I'm not sure the problem was entirely scientific, or rather, certainly not entirely an engineering problem. The problem was that they had no idea what the "pax" would do on a widescale, and apparently hadn't tested it enough on individuals to know that it would have the will-sapping effects (or the extreme violent antisocial reaction) indicating a depraved indifference to life among the engineers. Its not a function of "getting the dose/formula right" but a whole host of other issues.

For example, It may well be that there is some sort of insuperable knowledge problem that would prevent such a chemical solution to societal aggression to ever work. This is wholly unrelated to an engineering problem or the particular scientific one. Additionally, the meta issue of the demonstrated depraved indifference to individual or group life displayed by the social engineers is itself a threat to societal peace. Its not at all convincing that objecting to the meta problem is not consequentialist or anti-consequential since the opposition is not "just because/ A is A" but that the consequences of the meta rule are bad and thus that meta rule should not be applied/followed.

The Operative the most

The Operative the most interesting character in the movie. That is, until he learns of the failed government experiment and suddenly has a change of heart.

It's been a while, and I may have forgotten some things, but I don't think he had a change of heart. I think he knew about the experiment all along, but just realized that once the recording had been broadcast, there was nothing left to cover up. He was still very much on the side of the Alliance at the end of the movie.

But are the consequences of

But are the consequences of the meta rule bad? The meta rule seems to be this: it is good to make the world a better place through the use of science/technology.

Aggression is a bad thing. Making people less aggressive, either through cultural/environmental influences or genetic influences is a good thing. Thus, were we to invent a chemical solution to aggression, it would be wise to release this upon the population at large.

The problem in this specific instance seems to have been poor product testing.
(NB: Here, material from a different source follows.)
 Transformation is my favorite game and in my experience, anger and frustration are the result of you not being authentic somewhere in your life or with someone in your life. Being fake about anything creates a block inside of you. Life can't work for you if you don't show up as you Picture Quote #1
But that is a risk with any product. Those who promote the precautionary principle would have us place an unreasonably high burden of proof on the inventors of genetically modified foods, new pharmaceutical drugs, and other similar sorts of products. Until these substances can be proven safe, they should be avoided. But they can never be proven safe. There is always a risk that some late-acting devastating effect will occur and cause cancer or something. If we allow small possible risks to counter any conceivable progressive action, we have the ultimate form of conservative stagnation. I don't see a huge difference between these sorts of real life issues (flouride in the drinking water causes a big stink amount some weird people) and the substance presented in the movie.
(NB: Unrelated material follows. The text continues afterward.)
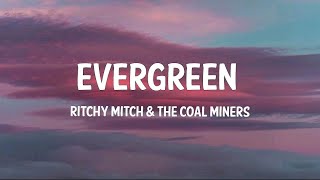 Ritchy Mitch and The Coal Miners  Evergreen Lyrics  SlowedampReverb [upl. by Aciraa149]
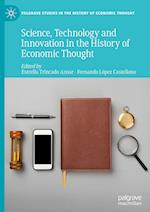 Science, Technology and Innovation in the History of Economic Thought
Perhaps they should have done more testing. But at what point do we conclude that a product has been thoroughly tested and is considered safe?

One objection would be that

One objection would be that the people having the drug forced upon them had no choice. Some of them may of wanted to be medicated, most would have been suspicious and waited to see the effect upon others.

As such, the consequence of forcing a drug upon a whole population is going to be contrary to the goals of the individuals involved. Even if the drug worked perfectly, it would have been tantamount to enslavement.

Micha, The meta rule is the

Micha,

The meta rule is the "kto, kgo" aspect of what took place on Miranda. The formulation "it is good to make the world a better place through the use of science/technology" completely sidesteps this problem as it is essentially irrelevant to what went on. Your reformulation is also fairly vague about the how aside from the who/whom distinction and whether or not one should care about individual autonomy when adding up costs/benefits to any proposed active societal change.

I disagree with this as well:

Aggression is a bad thing. Making people less aggressive, either through cultural/environmental influences or genetic influences is a good thing. Thus, were we to invent a chemical solution to aggression, it would be wise to release this upon the population at large.

1. "Aggression is a bad thing" is critically dependent on the functional definition of aggression. Mindless aggression is of course maladaptive and antisocial, but aggression against active & continuing threats can be beneficial (as well as lower the long term violence in the system).

2. It continues to ignore considerations of personal autonomy. Societies are at the very least collections of individuals, and I would say further that society is a byproduct of individual needs, aspirations, and instantiation, not vice-versa. Thus a theoretical system that is not based on and grounded in that fact is incoherent- societies must by definition have and be composed of individuals, but individuals need not have society. Thus posing a question that ignores the individual and individual desires in the course of saying "this is good for society" is incomplete at best, incoherent/irrelevant at worst.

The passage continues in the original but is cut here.